結局、働いている人は休まなければならない。 それって、ちょっと不便すぎない?
働く人のための行政サービスって?
日本の労働人口のうち、どれだけの人が平日昼間に働いているだろう。 それなのに、行政サービスの多くがその時間しか開いていない。
せめて週に1〜2日、平日夜間や早朝にずらした窓口があってもいいのでは? シフト制で働く人も、フルタイムで働く人も、 「暮らしの手続き」がもっと自然にできるように。そのためには全国の自治体が連動する必要がありそうだ。それが難しいのならそもそもシステムでなんとかならないのかな。
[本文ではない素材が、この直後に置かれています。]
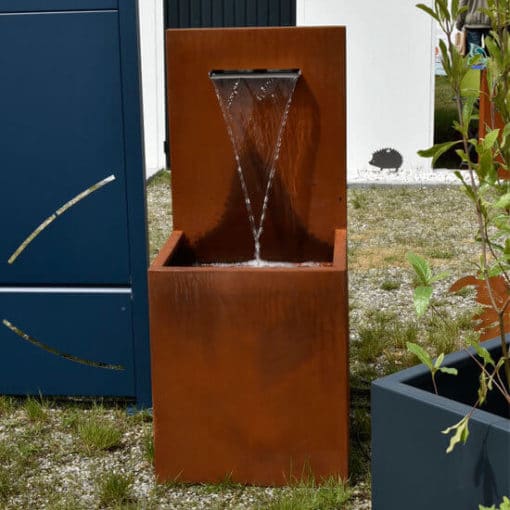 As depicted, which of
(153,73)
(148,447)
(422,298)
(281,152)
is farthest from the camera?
(153,73)

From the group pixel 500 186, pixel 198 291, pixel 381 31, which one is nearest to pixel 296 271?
pixel 198 291

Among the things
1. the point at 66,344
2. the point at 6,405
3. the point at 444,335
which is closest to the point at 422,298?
A: the point at 66,344

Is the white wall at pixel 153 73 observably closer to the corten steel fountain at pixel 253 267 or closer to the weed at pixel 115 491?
the corten steel fountain at pixel 253 267

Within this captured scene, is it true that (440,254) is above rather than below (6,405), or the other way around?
below

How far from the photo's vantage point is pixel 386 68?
890 cm

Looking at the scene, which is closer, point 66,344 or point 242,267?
point 242,267

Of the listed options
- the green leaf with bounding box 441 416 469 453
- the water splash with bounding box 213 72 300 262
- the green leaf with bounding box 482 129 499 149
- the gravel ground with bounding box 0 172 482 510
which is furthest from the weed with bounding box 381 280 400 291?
the green leaf with bounding box 482 129 499 149

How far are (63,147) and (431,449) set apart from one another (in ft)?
6.96

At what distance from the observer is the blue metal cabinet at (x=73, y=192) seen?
3645 mm

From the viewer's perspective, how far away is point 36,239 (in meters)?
3.80

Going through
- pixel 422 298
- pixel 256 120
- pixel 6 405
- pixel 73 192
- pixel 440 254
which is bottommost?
pixel 440 254

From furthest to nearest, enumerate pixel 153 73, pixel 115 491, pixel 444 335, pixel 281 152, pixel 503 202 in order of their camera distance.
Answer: pixel 153 73 → pixel 444 335 → pixel 281 152 → pixel 115 491 → pixel 503 202

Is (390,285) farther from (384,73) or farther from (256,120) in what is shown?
(384,73)

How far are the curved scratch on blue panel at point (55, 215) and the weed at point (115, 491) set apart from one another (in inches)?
41.2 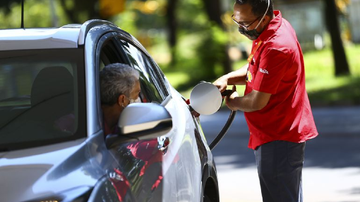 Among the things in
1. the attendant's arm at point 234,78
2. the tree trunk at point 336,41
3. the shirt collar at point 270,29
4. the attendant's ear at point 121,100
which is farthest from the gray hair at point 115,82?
the tree trunk at point 336,41

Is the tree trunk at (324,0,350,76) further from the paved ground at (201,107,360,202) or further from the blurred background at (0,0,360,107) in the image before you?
the paved ground at (201,107,360,202)

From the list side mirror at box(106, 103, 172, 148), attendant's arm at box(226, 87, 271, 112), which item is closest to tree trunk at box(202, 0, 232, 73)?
attendant's arm at box(226, 87, 271, 112)

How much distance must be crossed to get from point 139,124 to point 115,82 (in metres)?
0.59

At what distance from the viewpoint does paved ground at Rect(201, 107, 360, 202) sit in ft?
29.4

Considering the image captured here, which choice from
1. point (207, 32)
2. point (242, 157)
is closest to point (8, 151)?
point (242, 157)

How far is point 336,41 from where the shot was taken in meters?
23.9

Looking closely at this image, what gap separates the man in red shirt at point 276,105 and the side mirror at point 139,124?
1176 mm

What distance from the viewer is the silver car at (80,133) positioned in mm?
3131

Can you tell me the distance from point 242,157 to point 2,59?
8.93 meters

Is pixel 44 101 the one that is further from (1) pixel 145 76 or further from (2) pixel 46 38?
(1) pixel 145 76

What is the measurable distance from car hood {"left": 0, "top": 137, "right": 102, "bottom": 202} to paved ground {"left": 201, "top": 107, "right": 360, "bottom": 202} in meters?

まるで「森の泉が昼間しか湧かない」ような不便さ。 夜にしか動けない鳥も、朝にしか咲かない花もいるのにね🌿
名前が変わることの不便さも、静かに積もっていく
今回のパスポート申請では、旧姓のパスポートを紛失していたこともあり、 再申請の手続きが必要だった。 戸籍謄本には新しい姓が記載されているけれど、 本人確認書類や過去の記録との照合には、旧姓とのつながりを証明する手間がついて回る。その時に行政サービスを受けられる時間が限られている。
こうした不便さが、夫婦別姓を望む人の理由になっていることもあるんじゃないかな。
名前が変わるたびに、証明書を取り直し、説明を加え、 暮らしの地図を何度も書き直すような感覚。 それが煩雑で、時間も手間もかかるからこそ、 「別姓のままでいたい」「旧姓を併記したい」と思う人が増えるのも自然な流れ。
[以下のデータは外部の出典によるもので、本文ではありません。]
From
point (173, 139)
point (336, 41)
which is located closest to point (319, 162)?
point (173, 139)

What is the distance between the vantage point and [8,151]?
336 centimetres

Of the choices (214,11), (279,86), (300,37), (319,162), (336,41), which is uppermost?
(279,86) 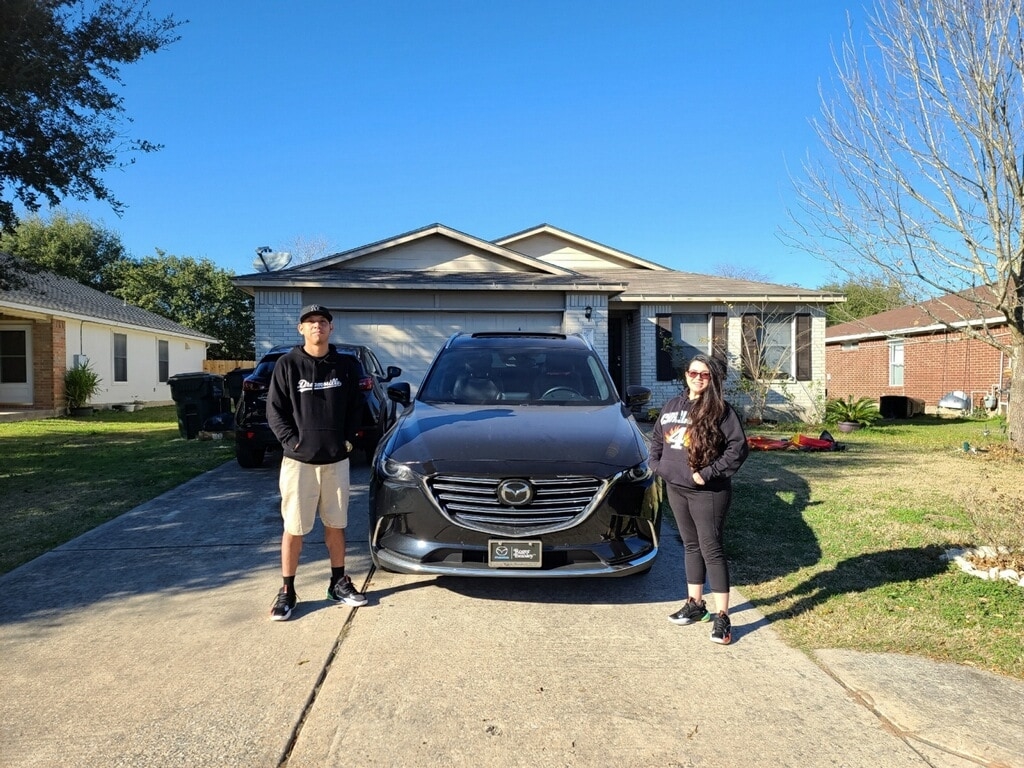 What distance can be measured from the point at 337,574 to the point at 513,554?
1199mm

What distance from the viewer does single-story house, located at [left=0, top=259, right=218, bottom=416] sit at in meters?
17.9

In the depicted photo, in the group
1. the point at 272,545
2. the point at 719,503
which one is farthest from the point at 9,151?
the point at 719,503

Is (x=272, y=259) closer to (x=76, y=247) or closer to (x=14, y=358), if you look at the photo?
(x=14, y=358)

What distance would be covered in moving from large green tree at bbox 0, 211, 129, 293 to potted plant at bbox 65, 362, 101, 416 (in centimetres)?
2135

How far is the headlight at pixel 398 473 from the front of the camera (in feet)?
13.0

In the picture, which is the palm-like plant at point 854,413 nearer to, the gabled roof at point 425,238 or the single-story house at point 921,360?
the single-story house at point 921,360

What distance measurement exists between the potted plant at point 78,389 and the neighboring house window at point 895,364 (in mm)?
24302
行政がその声にまだ十分応えていない現実も、静かにそこにある。
それでも、ようやくパスポート申請へ
戸籍謄本を手に入れて、ようやくパスポート申請。 最近はオンライン申請もできるようになって、 受け取りだけ窓口に行けばOKという便利さも出てきた。
ただし、紛失や旧姓からの変更がある場合は窓口申請が確実。 そして、パスポートセンターも平日17:00までのところが多い。 一部の都市では夜間や土日も開いているけれど、それも限られている。
遠方の戸籍を持つ人の選択肢まとめ
| 方法 | メリット | デメリット |
|---|---|---|
| 本籍地の役所で直接取得 | 即日発行 | 交通費・時間がかかる |
| 郵送請求 | 自宅から申請可能 | 日数がかかる(1週間〜10日) |
| 広域交付制度を利用 | 近くの役所で取得可能 | 平日昼間のみ、即日交付でないことも |
| パスポートのオンライン申請(マイナカード) | 戸籍提出不要な場合あり | 条件に注意、対応自治体限定 紛失や氏名変更などの場合は、戸籍提出が必要になることも |
旅の鍵を手に入れるまで
戸籍謄本を取りに行く、という小さな一歩が、 こんなにも時間と手間を要するとは思わなかった。
でも、だからこそ思う。 行政サービスは、もっと暮らしのリズムに寄り添ってほしい。 働く人が、無理なく手続きを進められるように。 名前が変わっても、暮らしが途切れないように。
パスポートは、未来への扉の鍵。 その鍵が、もっと多くの人に届きやすくなりますように。